# Exercise prompt:
Given the records below, transcribe each of them exactly.
[Source material Boundary: Start]
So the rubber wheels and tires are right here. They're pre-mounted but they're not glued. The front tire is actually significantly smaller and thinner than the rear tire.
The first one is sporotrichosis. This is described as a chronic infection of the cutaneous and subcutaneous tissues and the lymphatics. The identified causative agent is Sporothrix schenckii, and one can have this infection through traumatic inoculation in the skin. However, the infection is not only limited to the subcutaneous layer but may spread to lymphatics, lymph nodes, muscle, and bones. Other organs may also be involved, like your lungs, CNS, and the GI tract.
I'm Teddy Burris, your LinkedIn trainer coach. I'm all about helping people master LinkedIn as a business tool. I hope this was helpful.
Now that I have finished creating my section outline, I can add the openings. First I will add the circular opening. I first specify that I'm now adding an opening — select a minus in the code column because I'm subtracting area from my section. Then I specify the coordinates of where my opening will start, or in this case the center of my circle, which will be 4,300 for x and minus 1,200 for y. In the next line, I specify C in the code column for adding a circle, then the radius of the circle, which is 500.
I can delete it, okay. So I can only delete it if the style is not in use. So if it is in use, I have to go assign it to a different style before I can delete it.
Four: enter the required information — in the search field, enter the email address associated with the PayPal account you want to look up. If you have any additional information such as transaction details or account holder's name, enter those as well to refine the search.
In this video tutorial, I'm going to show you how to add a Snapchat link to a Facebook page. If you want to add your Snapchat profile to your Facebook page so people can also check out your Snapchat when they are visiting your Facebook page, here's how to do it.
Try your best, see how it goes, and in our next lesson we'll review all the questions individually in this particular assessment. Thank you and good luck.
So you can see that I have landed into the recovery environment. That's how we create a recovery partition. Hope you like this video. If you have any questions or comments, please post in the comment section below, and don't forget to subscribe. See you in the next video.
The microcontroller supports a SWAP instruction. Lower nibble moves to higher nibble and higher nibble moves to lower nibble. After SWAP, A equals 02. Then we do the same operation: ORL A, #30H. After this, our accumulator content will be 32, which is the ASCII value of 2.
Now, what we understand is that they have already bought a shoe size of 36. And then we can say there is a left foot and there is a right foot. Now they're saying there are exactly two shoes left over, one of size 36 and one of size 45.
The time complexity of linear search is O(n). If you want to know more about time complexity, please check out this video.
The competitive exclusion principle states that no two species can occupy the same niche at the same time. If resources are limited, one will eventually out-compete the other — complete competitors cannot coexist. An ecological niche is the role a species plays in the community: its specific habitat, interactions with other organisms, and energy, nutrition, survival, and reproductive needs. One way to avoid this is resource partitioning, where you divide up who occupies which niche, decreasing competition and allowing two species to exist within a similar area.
[Source material Boundary: End]
# The answer:
So the rubber wheels and tires are right here. They're pre-mounted but they're not glued. The front tire is actually significantly smaller and thinner than the rear tire.
The first one is sporotrichosis. This is described as a chronic infection of the cutaneous and subcutaneous tissues and the lymphatics. The identified causative agent is Sporothrix schenckii, and one can have this infection through traumatic inoculation in the skin. However, the infection is not only limited to the subcutaneous layer but may spread to lymphatics, lymph nodes, muscle, and bones. Other organs may also be involved, like your lungs, CNS, and the GI tract.
I'm Teddy Burris, your LinkedIn trainer coach. I'm all about helping people master LinkedIn as a business tool. I hope this was helpful.
Now that I have finished creating my section outline, I can add the openings. First I will add the circular opening. I first specify that I'm now adding an opening — select a minus in the code column because I'm subtracting area from my section. Then I specify the coordinates of where my opening will start, or in this case the center of my circle, which will be 4,300 for x and minus 1,200 for y. In the next line, I specify C in the code column for adding a circle, then the radius of the circle, which is 500.
I can delete it, okay. So I can only delete it if the style is not in use. So if it is in use, I have to go assign it to a different style before I can delete it.
Four: enter the required information — in the search field, enter the email address associated with the PayPal account you want to look up. If you have any additional information such as transaction details or account holder's name, enter those as well to refine the search.
In this video tutorial, I'm going to show you how to add a Snapchat link to a Facebook page. If you want to add your Snapchat profile to your Facebook page so people can also check out your Snapchat when they are visiting your Facebook page, here's how to do it.
Try your best, see how it goes, and in our next lesson we'll review all the questions individually in this particular assessment. Thank you and good luck.
So you can see that I have landed into the recovery environment. That's how we create a recovery partition. Hope you like this video. If you have any questions or comments, please post in the comment section below, and don't forget to subscribe. See you in the next video.
The microcontroller supports a SWAP instruction. Lower nibble moves to higher nibble and higher nibble moves to lower nibble. After SWAP, A equals 02. Then we do the same operation: ORL A, #30H. After this, our accumulator content will be 32, which is the ASCII value of 2.
Now, what we understand is that they have already bought a shoe size of 36. And then we can say there is a left foot and there is a right foot. Now they're saying there are exactly two shoes left over, one of size 36 and one of size 45.
The time complexity of linear search is O(n). If you want to know more about time complexity, please check out this video.
The competitive exclusion principle states that no two species can occupy the same niche at the same time. If resources are limited, one will eventually out-compete the other — complete competitors cannot coexist. An ecological niche is the role a species plays in the community: its specific habitat, interactions with other organisms, and energy, nutrition, survival, and reproductive needs. One way to avoid this is resource partitioning, where you divide up who occupies which niche, decreasing competition and allowing two species to exist within a similar area.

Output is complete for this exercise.